12.4.10

Green Tea, Black Birds.








In Inari, by the Shrine,
Stands a cafe 
That's half as old as Time.


Not the stuff of which Poet Laureates are made, I'll admit, but lunch in Inari's quiet and small Jade House cafe/restaurant found me composing that SMS haiku for friends back in Australia.

I don't know how old the cafe is, but its building  is about 400 years old -- a mere whippersnapper compared to the 1,300-year-old shrine that stands next-door -- and was originally an inn for the travellers and pilgrims who passed by on the old Tokaidō Road, literally half a pace away from the front door. 




My midsummer's journey, however, was not on foot along the Tokaidō. It was by rail along JR's Nara Line to a city whose bridge has its own goddess: the not-so-gloomy city of Uji , where I was going to watch the fishing -- otherwise known as Ukai .


Uji's river was thrice a battlefield, flows through the middle of one of the world's first novels and past the ancient and beautiful Byodo-in temple -- and it's where I find myself afloat with a boatload of Osakan Haiku poets to watch the tethered cormorants duck and dive in the shallow river in search of sweetfish.


Darkness has fallen, and the six birds do their thing by the light of a bonfire that hangs from the fishing boat's prow and the flashbulbs of the sightseers' cameras whilst the poets hurriedly jot down hiragana haikus in their dimly-lit notebooks.

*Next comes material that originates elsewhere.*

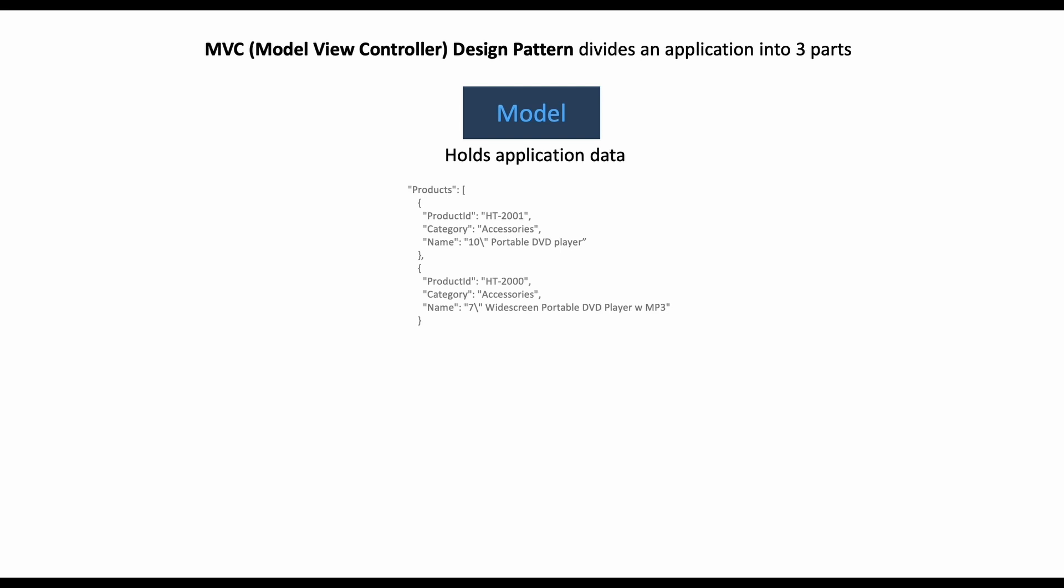Also, we don't have to display all the data to the user. We can also have other parts of data that we use for our application internally. You can think of this model like a state in React if you have worked with React before.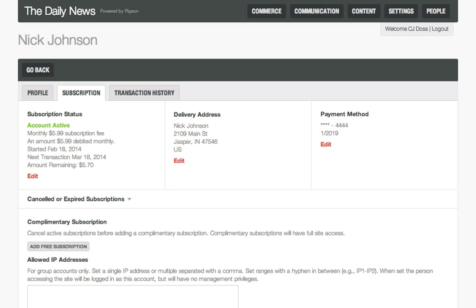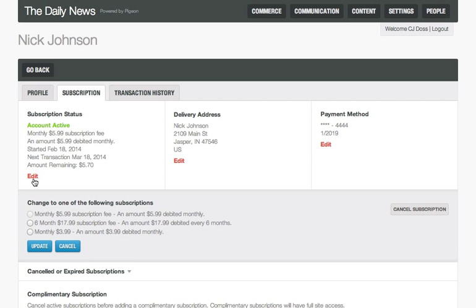The Subscription tab reveals more details about the subscription type, status, and payment methods. Subscription type can easily be changed or cancelled altogether.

Uji is unusual in that the cormorant fishers are women.  Of the 200 Usho (cormorant fishers) still working in Japan, only four are women.


And two of them -- Mariko Sawaki and Yoko Esaki -- work in Uji.


Like anyone who has mastered a difficult skill, Mariko makes it look easy as she hauls each bird on board to remove the fish from its beak before returning it to the water -- all the while keeping the other birds from tangling their lines or climbing on board the flotilla of sightseeing boats that have accompanied her boat onto the shallow waters of Uji's river.


"My soul
Dives in and out of the water
With the Cormorant"
                           -- Uejima Onitsura (1660-1738)


And suddenly, 90 minutes after we set out on Uji's shallow namesake river, it's all over. The boats all return to shore, the birds are fed and put back into their aviaries, and the spectators don their shoes and go to get some tea.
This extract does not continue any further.